Please God, don't let Steve Lauf publish this picture.
behind the first self portrait
... We were well aware of what museum board was, and immediately 'joked' at how easy it would be "to just take one of those boxes." As we drove back down Broad Street, Bill and Jeff became increasingly greedy, which prompted me to say, "If that's the case, I'll pull over right now, and you two can walk back to school."
Stephen Lauf, Self Portrait (3 panels: pencil and ink on museum board, 60" x 40" each panel, 1983-84).
I wanted to created something that would manifest endurance and determination, so I lightly scored three large museum boards with pencil lines spaced 3/16" apart which resulted with 317 40" long demarcated spaces running down the length of each board.

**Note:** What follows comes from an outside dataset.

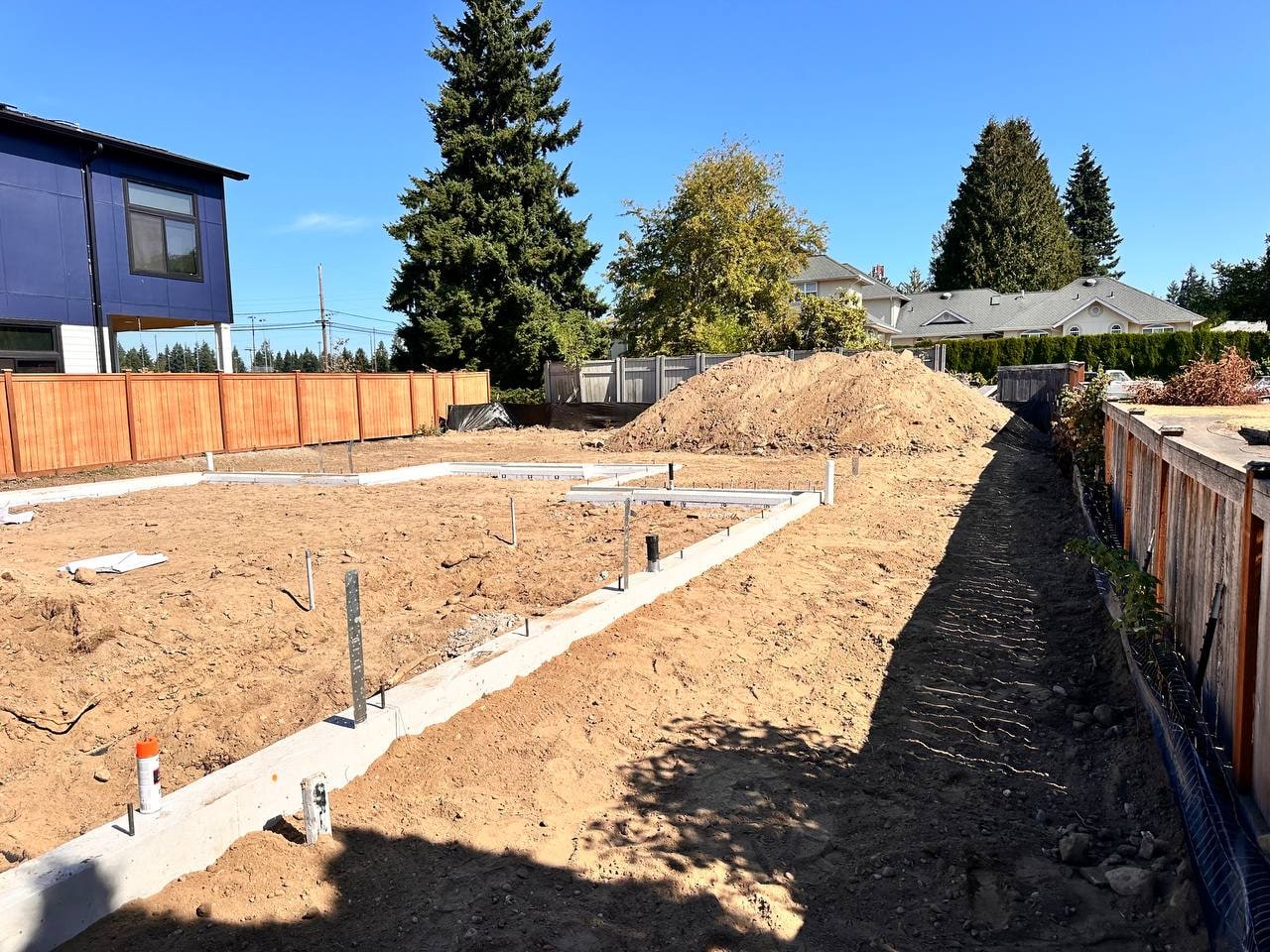 L-shaped ADU concrete foundation in residential backyard by Artbrick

From here the mission was to simply fill each line of space from edge to edge with hand-written text using a Pelican Graphos pen with nib A.1. I had to lay on the board(s) on the floor of my living room in order to write, and the text records whatever came into my mind at the exact time that I was working/writing on the project. It did not take long for this 'self portrait' to also often act as a confessional.

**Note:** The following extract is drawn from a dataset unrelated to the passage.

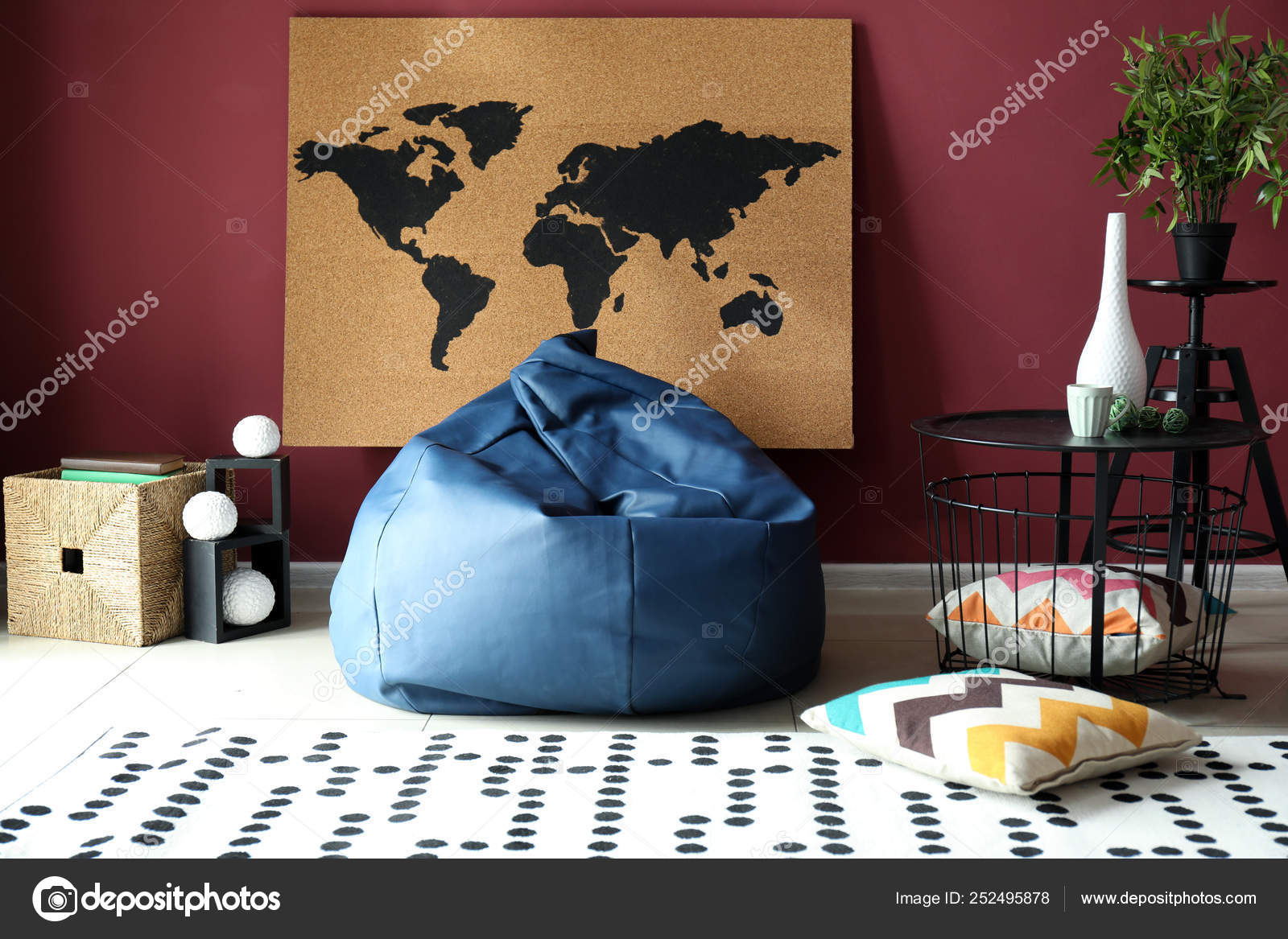 interior-of-modern-room-with-picture-of-world-map-on-wall-stock-photo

Self Portrait (1983-84) began 14 August 1983 with approximately 80 lines filled within 6 weeks. The project then lay dormant until 15 July 1984, and the first board was completely filled by 30 July 1984. The second board was completely filled by 29 August 1984, and the third board was completely filled by 6 September 1984.
On 29 September 2002 I became familiar with the following:
Tom Friedman, Hot Balls, 1992. About 200 stolen balls, stolen from shops by the artist over a six month period, arranged on the floor.

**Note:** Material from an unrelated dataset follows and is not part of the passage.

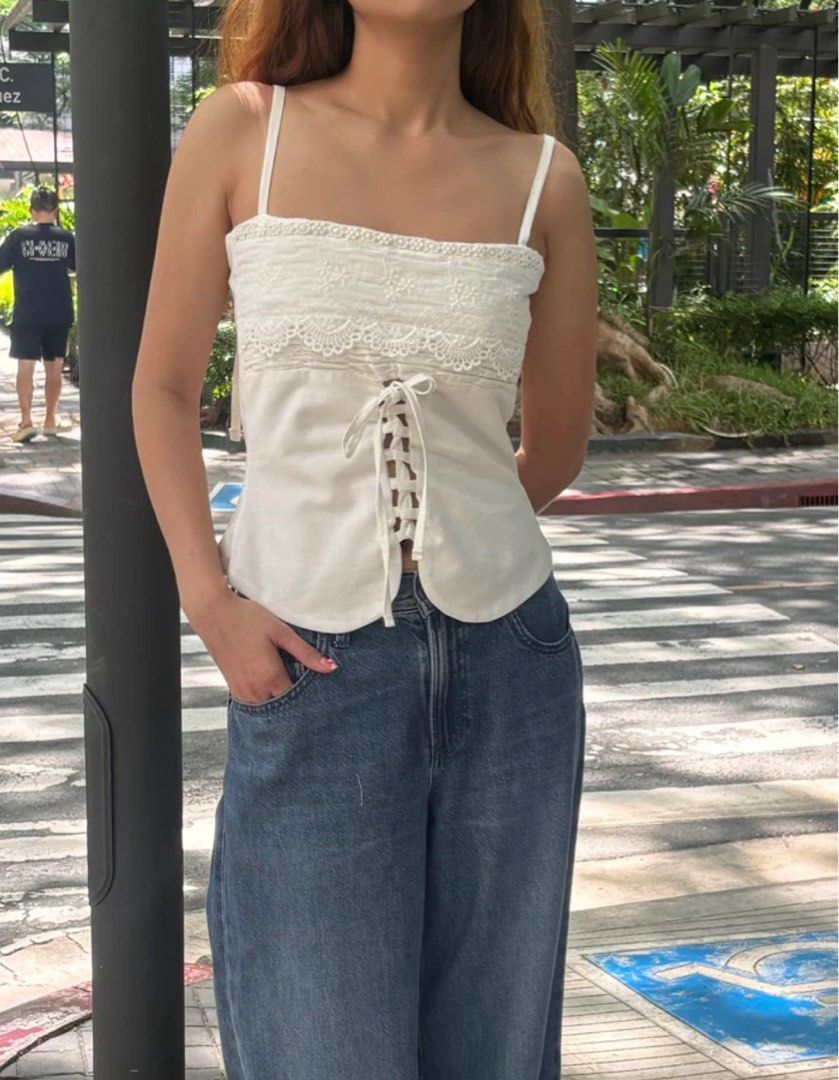 HEURE141 Portia Lace-up top (Category: Sleeveless) located in Quezon City. Submitted by bynini_archive (Listing ID 1412841439, Image 1). Description: - rfs: doesn’t fit me anymore - true to its size (based on the description) - retails for ₱1,580 loc: qc mop: gcash only mod: sdd or gogo express (no meetups) dm for more inquiries .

Tom Friedman, Untitled, 1990. The artist's signature written on the wall in a spiral until the pen has run out of ink.
Tom Friedman, 1,000 Hours of Staring, 1992-97. A piece of paper the artist has stared at for one thousand hours. [If I recall correctly, the quickest I got on Self Portrait was 18 lines an hour, that's 720 inches or 60 feet, with each line averaging 150-200 words.]
Tom Friedman, Secrets, 1997. The artist's secrets written on a piece of paper as small as possible so they can't be read.